There is no suggestion — at least not officially — of a “man ban” of the sort dumped on the hapless David Shearer in 2013 to lift the proportion of women MPs.
But the 2017 election challenges go far beyond the list.
One is to get Andrew Little connecting. Little’s strength is that he is a straight-shooter. But communications team mistakes and his own political inexperience and need to score points have skewed his aim at times and sometimes the bullets have ricocheted. Examples: an unthought-through attack that caught up Jacinda Ardern’s (innocent) father and shining a media light on a “homeless” family that was actually renovating its house.
Little cannot out-Key Key. But he needs to out-Little Little. Mike Munro, a political journalist then chief press officer to Helen Clark and more recently a corporate communicator, including for Todd Corporation, is said to have been called in for strategic advice.
Labour’s second 2017 challenge is to present a government-in-waiting. In 2011 and 2014 those who wanted a change of government had no visible alternative to vote for. Labour was too weak.
The deal with the Greens potentially provides that alternative. Little was bowled over by his reception at the Greens’ conference. Little and Green co-leader James Shaw have been doing some joint business briefings. (Shaw goes over better, some say.)
By belatedly conceding Labour is not a 45% party and can’t do command performances as National can but must have a partner, Labour has changed the electoral game.
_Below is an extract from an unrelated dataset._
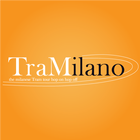 TraMilano & Shopping Express 图标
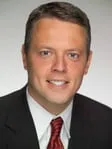 Darren S. Cranfill's picture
Whether Labour+Greens can win that changed game will depend in part on how convincing the coalition looks. There is a growing understanding on both sides that they will need three or more major joint — “coalition” — policies.
A starting point is that both agree that “trickle down” stops too far up and not “all boats rise” with GDP, as market-prophets expected, because too many have holes. Both argue that implies different policy fundamentals.
So one joint policy will likely stem from the material emerging from Grant Robertson’s “future of work” inquiry. Robertson, who is friendly with Shaw, talks of government partnerships “building wealth from the ground up” — regional, small-business, entrepreneurs, low-carbon — a concept most Greens could agree with. Likewise help for those displaced by change.
But what about the longer-term? Is Labour now forever shackled to the Greens? Might the Greens even morph into the senior partner?
The new Labour history — a valuable reference, though tentative on the fraught 1984-90 period — dismisses near the end commentators who, it says, “are keen enough to suggest that, like most centenarians, the party will receive a telegram from the Queen before quietly shuffling off this mortal coil”.
“Telegram” in this email age? That technological anachronism is an apt analogy for Labour’s updating task at 100. As in 1916, Labour in 2016 is in turbulent times with big global and societal changes underway that will test it to destruction — or revitalise it.